■ **WHAT IS BEING ASKED**: Copy out the line bearing "メガシンフォニア】インテレオン AR 069/063 ポケカ - メルカリ" and all the lines after it, to the very end of the material below, exactly as written.

■ **DATA RECORDS**:
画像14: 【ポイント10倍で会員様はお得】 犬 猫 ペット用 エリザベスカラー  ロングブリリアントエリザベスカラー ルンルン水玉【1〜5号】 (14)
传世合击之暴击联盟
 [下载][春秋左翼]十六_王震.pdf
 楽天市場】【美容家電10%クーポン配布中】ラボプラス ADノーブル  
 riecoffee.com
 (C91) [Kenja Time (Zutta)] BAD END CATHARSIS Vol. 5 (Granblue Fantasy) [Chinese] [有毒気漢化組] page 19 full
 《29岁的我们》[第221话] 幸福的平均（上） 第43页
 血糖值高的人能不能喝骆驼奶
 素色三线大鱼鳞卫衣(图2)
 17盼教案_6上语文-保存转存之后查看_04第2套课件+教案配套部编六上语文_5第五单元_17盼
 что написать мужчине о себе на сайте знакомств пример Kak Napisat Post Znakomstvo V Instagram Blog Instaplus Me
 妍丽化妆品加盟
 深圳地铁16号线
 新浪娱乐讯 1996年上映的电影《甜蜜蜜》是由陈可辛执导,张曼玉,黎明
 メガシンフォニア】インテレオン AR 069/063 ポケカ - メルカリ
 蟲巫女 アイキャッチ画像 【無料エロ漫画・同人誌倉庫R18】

■ **SOLUTION TO THIS TASK**:
 メガシンフォニア】インテレオン AR 069/063 ポケカ - メルカリ
 蟲巫女 アイキャッチ画像 【無料エロ漫画・同人誌倉庫R18】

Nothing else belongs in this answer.